読書感想:俺にトラウマを与えた女子達がチラチラ見てくるけど、残念ですが手遅れです 3

 

前巻感想はこちら↓

読書感想:俺にトラウマを与えた女子達がチラチラ見てくるけど、残念ですが手遅れです2 - 読樹庵 (hatenablog.com)

 

 さて、前巻でようやく雪兎を取り巻く状況はフラット、ゼロの地平に持ち込まれた事で、ラブコメと言う意味でも本当に始まる事となった訳であるが。前巻までを読まれた読者様であれば、未だ一人リスタートしていない人物がいるのもご存じであろう。そう、姉である悠璃である。彼に対する負い目と愛を同時に抱え、矛盾する感情を抱え込み。彼女は未だ、歩き出せていないのである。

 

 

そんな彼女の再始動を描いていくのが今巻であり、同時に今までの波乱が少しだけ手を緩めて日常が緩く繰り広げられるのが今巻なのである。

 

「先生、多分無理です」

 

バスケの特訓として仮面を被ってストバスで道場破りを仲間達と共に繰り返していたら、いつの間にか謎のバニーマンとして有名になっていたり。
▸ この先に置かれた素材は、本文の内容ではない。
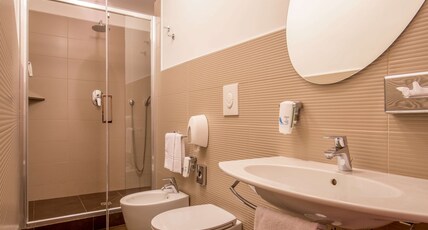 Best Western Plus Globus Hotel Room Type - 1 Queen And 1 Single, Comfort Room
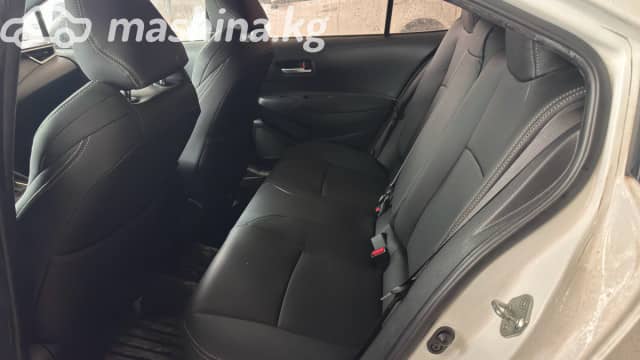 Toyota Corolla XI (E160, E170) Рестайлинг 2 Axio 1.5hyb CVT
またある時は、汐里が勇気を出して魚を見たいと誘ったら、何を勘違いしたのか知り合いに頼んで漁船を出してもらったり。好意には気づけど、やはり天然で頓珍漢なのは変わらない。けれどそんな日々も、周囲と越えられぬ崖を築いて引きこもっていた時とは違い、愛おしい物。

 

 

「・・・・・・あの子はもう大丈夫」

 

そんな彼を見つめ、悠璃の中には彼に対する安心と、自分のやっている過干渉への自覚が浮かび上がり。それを自覚し、もう大丈夫だからこそ距離を取ろうと、彼女は動き出す。

 

「やり直そうよ最初から。母さんだってママから出直してるんだから。俺達だって」

 

だけど肝心な事を忘れてはいけない。それは悠璃の勝手な望みであって、雪兎の望みではないと言う事。自分の思いを誰かが勝手に決める、そんな事はあってはいけない。

 

だからこそ、やり直すことを求める。お互いのすれ違いを解消し、もう一度やり直すために。許されぬ思いを抱えていても、それでいいと。許して彼女もまた一歩、歩き出す。

 

その彼女達の先を行くかのように、夏休みを迎えた時間の中で少女達もそれぞれ動き出す。

 

部活で汗を流したり、皆で海に行ったり、ナイトプールに行ったり。またある時は近親者たちと何故か脱衣麻雀を繰り広げたり。賑やかな日々の中、彼の心をつかむために。少女達はまた改めて決意を固めていく。

 

だけどやはり、雪兎の不運はとんでもない方向のものを引き寄せてくる。母親である桜花を訪ねてきた謎の男、彼が告げたのは雪兎にとって衝撃の事実。どう見ても爆弾であるそれはどんな波乱を巻き起こすのか。

 

波乱も一休みの中、それぞれの思いが動き出す今巻。シリーズファンの皆様は是非。

 

きっと貴方も満足できるはずである。